Quebec’s not making it easier for the NDP to pick a leader

If New Democrats chose a leader with roots in the province but residence outside it, they’d only be doing what they did in 2003

Oh, this poll is not helpful at all. At 26% in Quebec, the NDP would lose most of its MPs in that province.

(I know, I know: polls between elections do not predict the outcome of elections. Every number can shift wildly and will certainly do so before the next vote, unimaginably far in the future. And polls of disengaged voters about hypothetical choices may not measure much of anything. But try getting New Democrats to ignore the polls as they pick their next leader.)

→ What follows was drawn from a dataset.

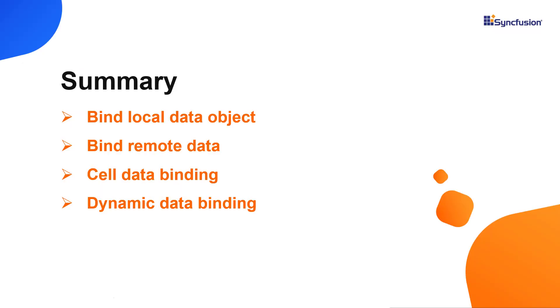In this video, I have shown you how to bind local and remote data to the Syncfusion React spreadsheet component. I also showed you how to bind cell data and change the data source dynamically. You can download this working example from the GitHub link in the description below.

The choice facing New Democrats is, roughly: Do they try to nail down their 2011 windfall in Quebec, and grow in other provinces — or do they try to find a “national (read: pan-Canadian) leader” and hope Quebecers will like that person?

The good news is that, if they’re super-lucky, they might be able to hold Quebec and grow outside. The bad news is, if they are only moderately unlucky, they may find it’s impossible to do either.

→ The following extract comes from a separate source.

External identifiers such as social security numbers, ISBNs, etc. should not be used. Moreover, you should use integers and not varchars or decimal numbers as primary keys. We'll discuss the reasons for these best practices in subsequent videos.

The candidate of “holding Quebec” — the only candidate of holding Quebec, as Quebec opinion-makers see it — is Thomas Mulcair. I have been surprised, and then amused, at the unanimity with which my friends in the Quebec chattering classes assume that only Mulcair would be an acceptable NDP leader for Quebec voters — and that, since he’s on offer, the selection of any other candidate is ipso facto an affront to Quebecers.

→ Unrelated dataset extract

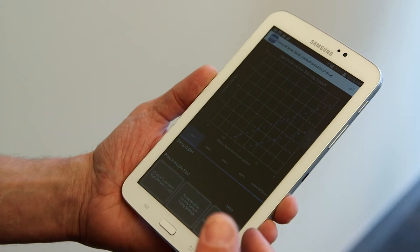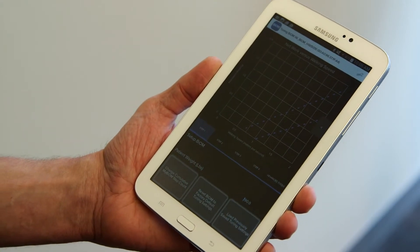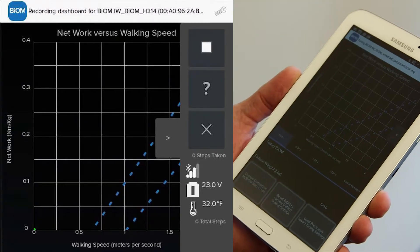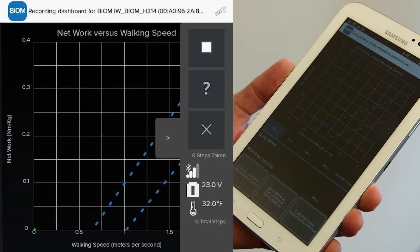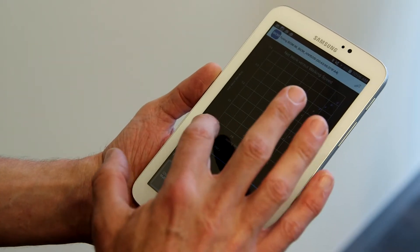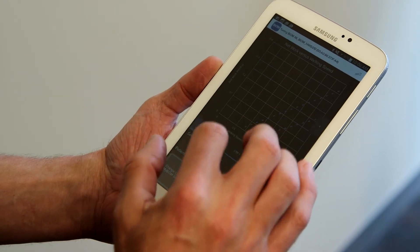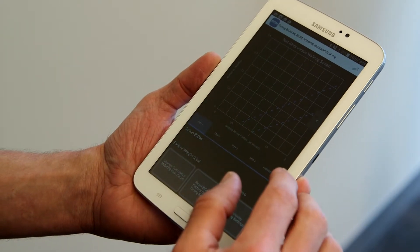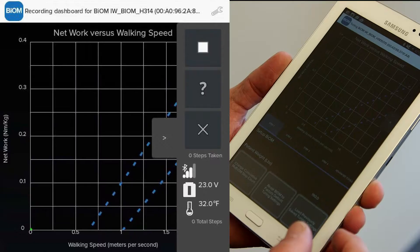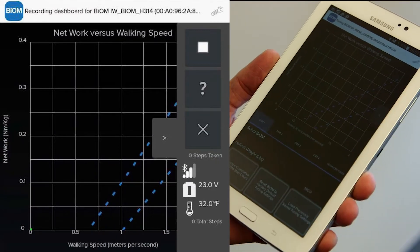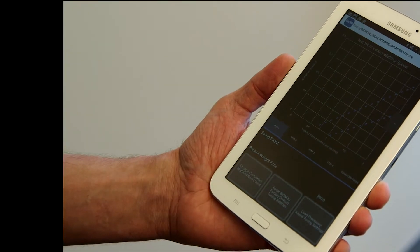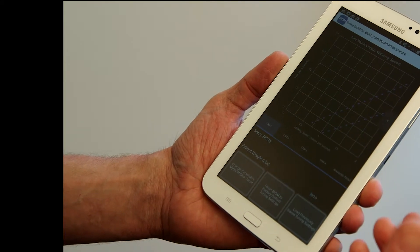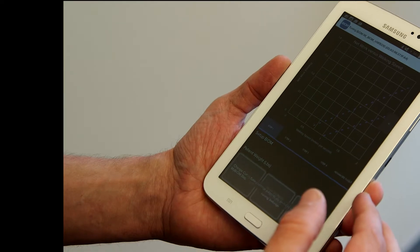Once we've successfully connected to the ankle, it's going to take us into our home tuning page. The first thing you'll notice there is this large graph in the center of the tablet. The graph is a net work graph, and that's literally what it measures for the patient when they walk. Here we have the amount of net work that the ankle is doing across these walking speeds. We have a range of zero to two meters per second, all the way up to 0.4 newton meters per kilogram of net work. You'll also notice two dashed blue lines in the graph. The space in between those lines represents your target range when you tune the ankle. This area represents the optimal amount of net work that the ankle should be doing across these walking speeds.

This is odd, because if New Democrats chose a leader with roots in the province but residence outside it, instead of a Quebec-born-and-bred candidate, they’d only be doing what they did in 2003, when they picked the Hudson-born Torontonian Jack Layton over Pierre Ducasse. So theoretically Brian Topp, born outside Montreal, would sort of do. But I’m really not feeling the Topp love from the Quebec journalists and politics-watchers I talk to.

So: pick Mulcair to hold what the NDP already has, and then pray he can be made to appear warm and cuddly, or at least persuasive, in those parts of the country where he’s barely known. Or pick a Topp or a Peggy Nash (very popular among Toronto New Dems) or someone else, and hope Quebec quickly gets over the latest Historic Affront.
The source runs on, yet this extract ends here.